Der Bundesrat teilt die Einschätzung der Monopolkommission nicht, dass mit dem Stimmrecht anerkannter Träger der freien Jugendhilfe in den Jugendhilfeausschüssen ein Interessenkonflikt und eine Minderung der Entscheidungsqualität verbunden seien.
- 3. Der Bundesrat begrüßt und teilt insofern die Ausführungen der Bundesregierung, nach denen auch nach der Umsetzung der europarechtlichen Vorgaben im Bereich des Vergaberechts die Leistungen der Kinder- und Jugendhilfe, die im sozialrechtlichen Dreiecksverhältnis finanziert werden, weiterhin nicht unter die Regelungen der Auftragsvergabe fallen.

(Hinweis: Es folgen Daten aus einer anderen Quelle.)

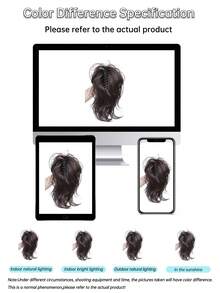 12 Inch Black & Brown Synthetic Mermaid Curly Hair Claw Ponytail Extensions, Create Elegant & Natural Hairstyles - Multicolor - View 10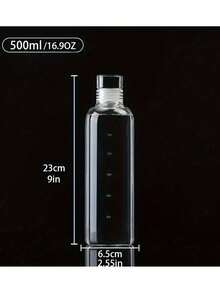 1pc/Portable Large Capacity Plastic Water Bottle, Beautiful Shaker, Travel Essentials, Glass Juice Bottle, Water Bottlepp - Multicolor - View 8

Der Bundesrat empfiehlt, bei der Umsetzung der Reform des Vergaberechts die besondere Situation der Kinder- und Jugendhilfe ausreichend zu berücksichtigen und dem gewachsenen Zusammenwirken der öffentlichen Stellen mit den Trägern der Freien Wohlfahrtspflege sowie dem vorgegebenen "jugendhilferechtlichen Dreiecksverhältnis" weiterhin Rechnung zu tragen.
- 4. Die Kritik der Monopolkommission an der steuerlichen Privilegierung gemeinnützig anerkannter Einrichtungen der Kinder- und Jugendhilfe teilt der Bundesrat nicht.